Iipumbu ya Tshilongo (1875–1959) was the king of Uukwambi, an Ovambo clan in Namibia, from 1907 to 1932. He is one of the national heroes of Namibia.

==Biography==
Iipumbu ya Tshilongo was born in 1873 in Onatshiku, a settlement near Elim, today in the Omusati Region of northern Namibia. An accident as an adolescent earned him the nickname Ndilimani (Oshiwambo: dynamite) when an explosion blew three fingers off his left hand.

He became the eighteenth king of the Uukwambi in 1907, succeeding King Negumbo lya Kandenge. During his reign he became known to jealously protect the tribal area of the Uukwambi from encroaching white settlers, going as far as having the roads guarded that led into Uukwambi territory.

Ya Tshilongo also resisted European cultural influence exercised via the establishment of mission stations and administrative outposts. Having rebuked the Finnish Missionary Society and the South West African Administration for years, he only allowed the Catholic Church to establish a station at Oshikuku in 1924. He ignored the Administration's request to send contract laborers, refused to pay taxes, and was generally uncooperative towards the authorities.

Oral history and archival records characterize ya Tshilongo as a despotic tyrant who ruled with an iron fist. He had many of his subjects flee his influence, including his daughter, Neekulu ya Shivute.
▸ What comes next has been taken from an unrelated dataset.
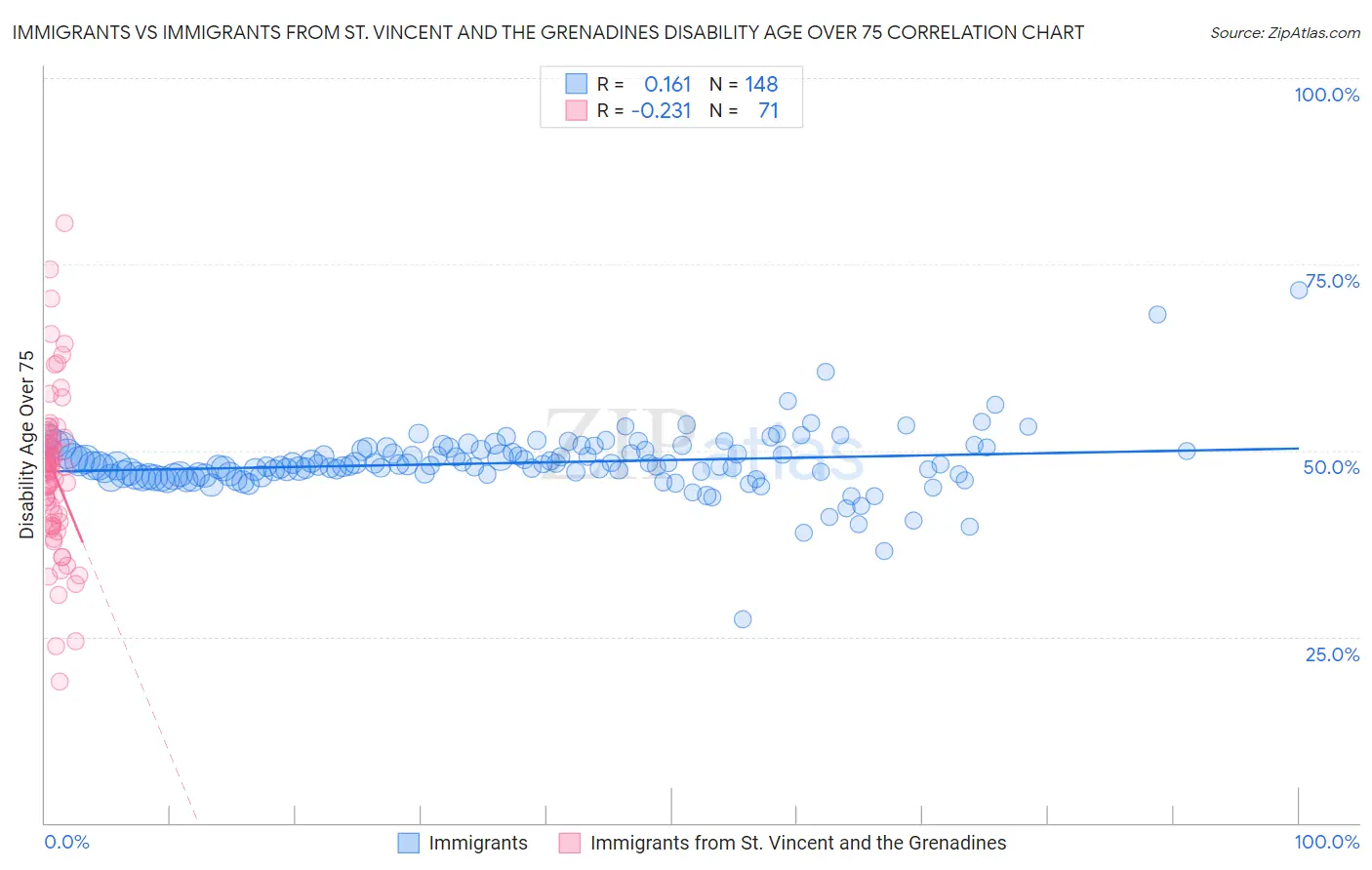 Immigrants vs Immigrants from St. Vincent and the Grenadines Disability Age Over 75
Both his stubbornness towards the authorities and his questionable way of ruling led to a decision to topple him. In 1932, troops under Resident Commissioner Hahn attacked the Uukwambi during his absence and had his homestead at Onashiku bombed with military aircraft.

Iipumpu ya Tshilongo was later arrested and forced into exile in Kavango. He returned in 1938 to Amupolo due to illness. Ya Tshilongo died in Oshikuku on 9 September 1959.

==Recognition==
Iipumbu ya Tshilongo is one of nine national heroes of Namibia who were identified at the inauguration of the country's Heroes' Acre near Windhoek. Founding president Sam Nujoma remarked in his inauguration speech on 26 August 2002 that:

Chief Iipumbu ya Tshilongo was a true Namibian nationalist ruler who rejected the idea to pay taxes to the South Africa colonial authorities and who refused to cooperate with them. He also did not allow the missionaries to gain any influence over him or his people. [...] His resistance and strong nationalistic character inspired many
people, even in his absence, to continue with the anti-colonial struggle. [...] To his revolutionary spirit and his visionary memory we humbly offer our honor and respect.

Ya Tshilongo is honored in form of a granite tombstone with his name engraved and his portrait plastered onto the slab. His homestead in Onashiku was proclaimed a national monument in 2014. The site was deproclaimed a few months later.